The Cobra offered here is one of the very earliest examples of the legendary 289-powered model. Chassis number CSX 2082, it was billed to Shelby American on 1 February 1963 and shipped to New York before being invoiced to RRR Motors of Homewood, Illinois, for $4,995, with a heater at $62. The car subsequently returned to Shelby American in March 1964 before being sold to its first owner, Ed Flandro of Ed Flandro Ford in Pocatello, Indiana. It was quickly resold to another private owner before being advertised for sale in February 1974 in its delivery colour combination with only 18,000 miles.
In 1975, John R. Kaltenbach of Akron, Ohio, came across the car at a repair shop in his hometown, following an accident, and soon acquired the Cobra as a restoration project. According to Mr Kaltenbach’s son, whose account is noted in the World Registry of Cobras and GT40s, the car was missing its windscreen, steering wheel, and passenger seat. The body was repaired, and within a couple of years, the car was ready to return to the road, once again finished in its original colour combination.

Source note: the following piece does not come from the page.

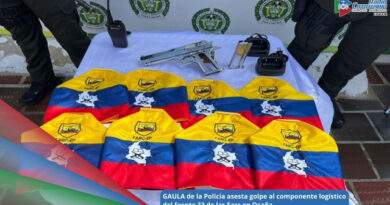 Material de guerra e intendencia pertenecientes al Frente 33 de las FARC-EP / Foto: Policía Nacional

In 1987, the car was sold again, this time to David Nelson and Brian Hardy, also of Ohio, who kept the car for two years before selling it to Marc Sherman of New York. In 2003 the car made its way to the United Kingdom, when it was acquired by the present private owner, becoming one of very few Cobras to have returned to the United Kingdom. It has been cared for here by a renowned specialist, with recent work including the replacement of its fuel tank.
This beautiful early Cobra is ready to be enjoyed by its next owner and represents a fantastic opportunity to own an example of the most pure iteration of the Shelby Cobra legend.